20/03/2018
How bad can it get!
OK in a quick breakdown of what happened it goes like this:-
• Around 9.30pm Monday evening the server dropped, this was prior to completing the nightly backups
• Called and came on site at 8am and found the server had a hardware failure(the bios had corrupted)
• Called Dell to troubleshoot and try to work around issue, to no avail, so Tech and parts dispatched, server online at 4pmish
• During the server fix found that one of the hard drives had failed, so that part was ordered.
• Wed AM – server had been working OK but the minute it went under load, the medserver and then the rest of the servers ceased to respond.
• Came in at 8am and found an error on the raid card on the screen, rebooted and system came back up for 20mins. From this point on it went downhill
• Contacted Dell with picture of error and asked for advice. Upon consequent reboots the error did not reoccur.
• Found that as soon as the medserver was started the entire system would crash within 5mins or so
• Spent next few hours on phone with Dell trying to resolve the issue, thinking it was a firmware or software issue.
• Replacement drive arrived and I installed, however this seemed to make the system even less responsive.
• Kept working with Dell to resolve, till hardware tech arrived, he immediately noticed other issues and advised the raid card needed to be replaced, I also wanted the backplane replaced as I felt there was still an issue with it(this is the hardware that runs the harddrives and controls the data throughput.)

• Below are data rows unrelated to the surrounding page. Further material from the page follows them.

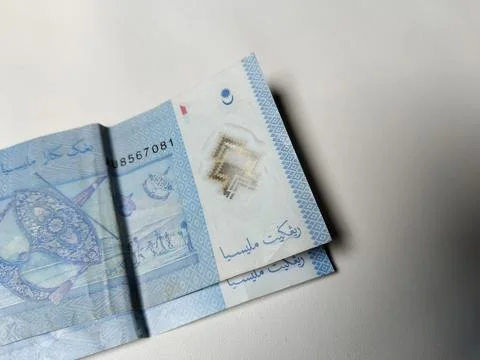 Close-up view of a Malaysian one Ringgit banknote featuring detailed currency  Foto stock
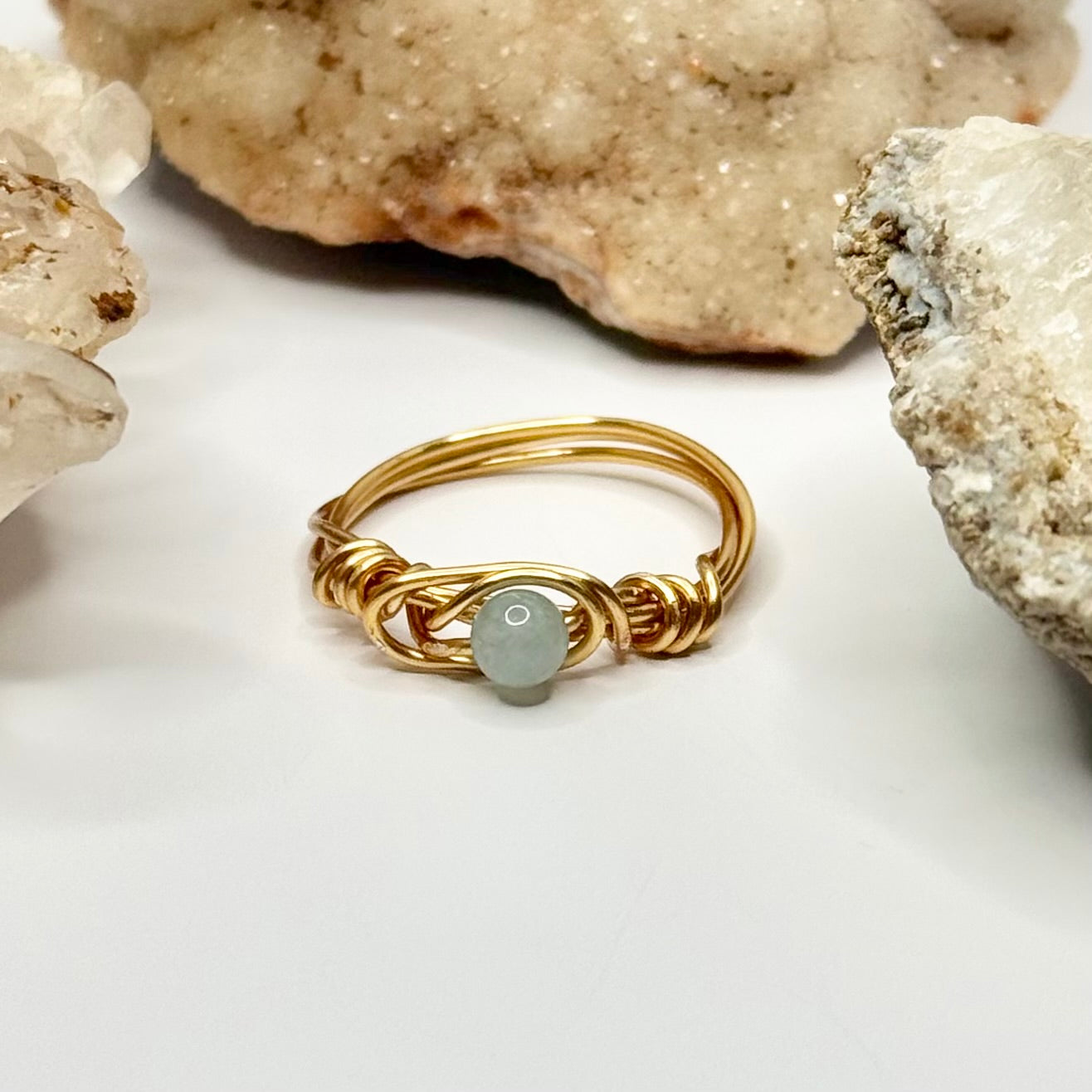 Gold Blue Calcite Ring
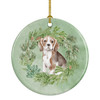 Beagle Puppy Christmas Wreath Ceramic Ornament product image at NuMercy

• Further investigation showed that the performance of the drives was very degraded. Next little while spent working with Dell to arrange new parts.
• Later found out the only available raid card was in Sydney and was not due till mid Thursday.
• Contacted previous Dell Tech and by a series of very fortunate events he was at the Dell Depot at midnight and was able to send the raid card he had swapped earlier, this was onsite at 1.30am 15/3
• Replaced Backplane and HardDrive and spun server back up. Drive performance was back to normal and the server even under load did not have any hardware issues.
• I then began fixing the servers as due to the number of crashes the main AD server(the one that runs logons etc) had begun to loop and would not start, I restored the OS drive and got it working again
• Dell Tech left around 2.30am
• Begun working on issues with corruptions on BP server and by 3.30 it was logging in and all services had started, but found that BP would not load.
• At this point I put down tools and got a few hours sleep
• 6.30am – began looking at BP and found the Patient database was not connected, tried a few things to bring it online but to no avail. Contacted BP support and handed over to them
• Tier 2 support began working on a fix to bring system online, this was done by around 10am. This is where the issue with BP occurred, in that the database and the patient anchors were not in sync and once we discovered it I was in contact with BP and they eventually got a tier 2 tech to look at it and he then reset the anchors and late this afternoon the system was working properly
• During this time there was also some issues with Pracsoft, but this seems to have resolved itself, but further work needs to be done by me to check that.
35hrs later all is working as it should.